Two-Way Exchange of Quantum Information and Thermodynamic Work with a Nanomechanical Platform

The aim of this project is to develop the theoretical understanding of work exchanged by a quantum system when energetic coherence are involved, and translate this theory into concrete protocols for new experimental platforms on which these predictions can be tested. The overall fundamental goal is to answer if and when thermodynamic processes could benefit from making use of coherences.

The particular experimental platform that we will focus on is a new nanomechanics experiment that is being built by the Ares group at the University of Oxford. The platform consists of a semiconducting carbon nanotube suspended between two metal pillars, whose conduction electrons act simultaneously as source and drain for the nanotube, and as thermal reservoirs with well-defined temperature. Gate electrodes tune the potential barrier for electrons tunneling into and out of the nanotube, and have been shown to control current to the level of single electrons. The group is currently investigating how to encode coherent states into the electrons' spin-valley degree of freedom. Mechanical oscillations of the tube when driven by an alternating field have been shown to be strongly coupled to the state. Work done by the electron on the nanotube's motion is anticipated to be detectable via its effect on the capacitance of a resonant LC circuit.

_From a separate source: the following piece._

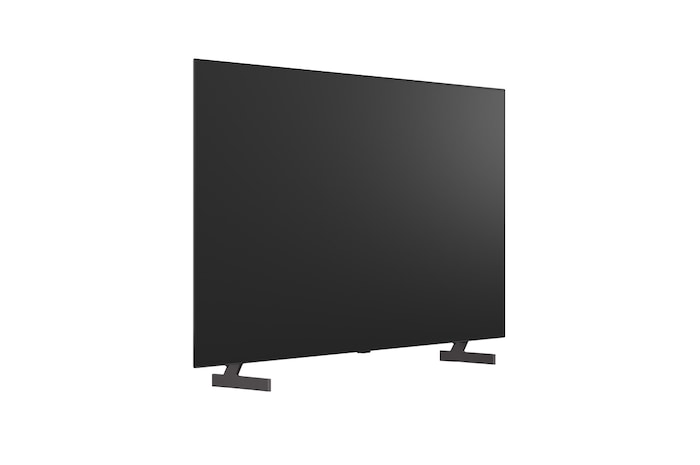 超薄型デザインと極細ベゼルを備えたLG OLED AI B6が、スタイリッシュなリビング空間に壁掛けで設置されている。画面には虹色のトーンで彩られた風景と、層をなす山々の造形が映し出されている。
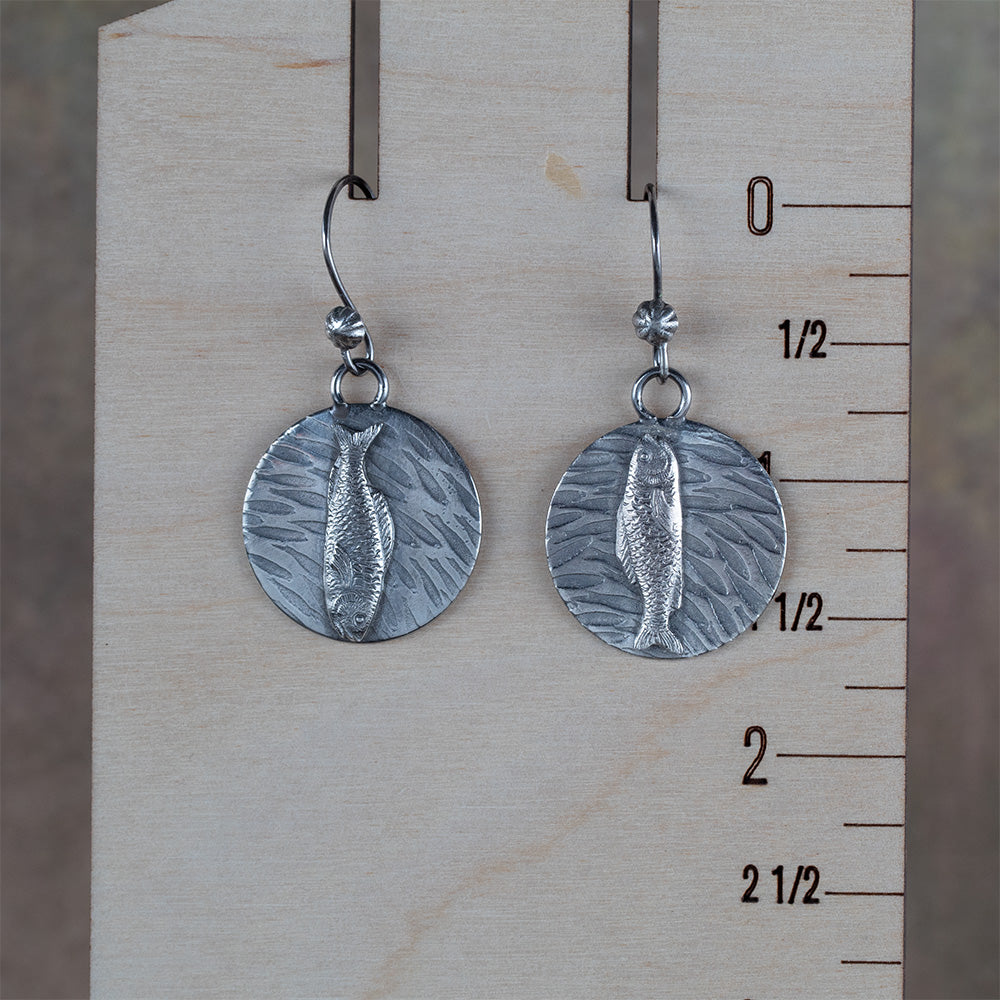 Handcrafted sterling silver earrings featuring detailed fish motifs swimming over textured water-like backgrounds – Swimmers artisan earrings by Divella Designs, displayed on a wooden ruler for scale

During this project, the student will build theoretical models and predictions to quantify the thermodynamic work needed to perform certain quantum information processing tasks, such as Landauer erasure and work extraction from coherences.
This will involve assessing key issues such as "where did the work go" and "what entropy should one use" to assess information changes and energetic exchanges in the quantum regime. The student will also clarify if processing of two or more non-commuting quantum states has the same work balance as when processing the commuting quantum states.
The student will work closely with the experimental group in Oxford to discuss progress and measurement results, as well as the philosophical implications of our findings. It is expected that these first experimental tests of work associated with quantum states/coherences can bring up entirely new perspectives on the thermodynamic cost of quantum information processing, which we hope to explore.
Regular visits of the Exeter theory PhD student to the experimental group in Oxford, as well as visits to the other team members in Grenoble/Madrid, will be part of the PhD project.